I have a Ubuntu Server which I installed Docker on. I set up a docker-compose file with all my various bits and pieces which I could happily make changes to and just run docker-compose - it would then take my changes and update all the containers - simple. Also, if I added a volume in my docker-compose file, and mapped it to my NAS, I could browse to that location and access the files created (e.g. so I could make an edit to config files and the like.)

So I’ve now built a freenas server and I’ve got Rancher set up on it. What I’d like to do, is basically the same as what I had before. Have my docker-compose file which I could just run whenever I made changes. Problem is, I just can’t quite get my head around how this works. I’ve used the downloadable Rancher-Compose application, and using that I’ve been able to create containers inside a stack, but if then I don’t seem to be able to make any changes whatsoever to them. If I make changes to the docker-compose file, rerunning it doesn’t seem to do anything, it just gives me the log output of the running service. Similarly, if I map a volume to somewhere on the freenas server, when I got to the mapped directory, none of the config files are there so I can’t make changes. But the containers I created are there as I can access their webUIs (an example being homeassistant/HASS, I need to edit the configuration.yaml but I have no idea where it lives despite mapping the /config directory in my compose file).

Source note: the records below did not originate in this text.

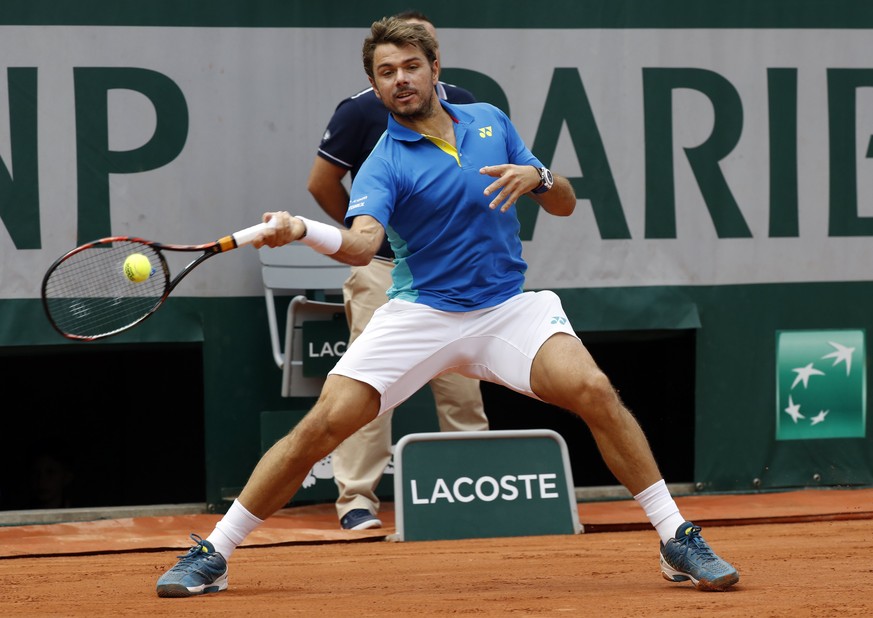 epa05999157 Stan Wawrinka of Switzerland in action against Jozef Kovalik of Slovakia during their men’s 1st round single match during the French Open tennis tournament at Roland Garros in Paris, Franc ...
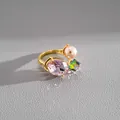 Detailed close-up view of the luxury open ring with pink oval crystal and faux pearl accent - Gold-Pink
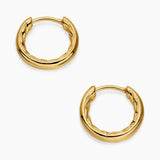 Yellow gold hoop huggie earrings with a smooth polished exterior and a cable texture on the inside of the hoop.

I’m sorry if I’m not being too clear here, I’m hoping someone will understand where my disconnect is here and point me in the right direction. Just for the record, I’ve read the Rancher-Compose documentation about 50 times today, so if it does do what I want, a little additional explanation would be really helpful.

Thanks in advance!

If you setup rancher on your FreeNAS, you can use it as a remote host to deploy to. I think thats what you are trying to do?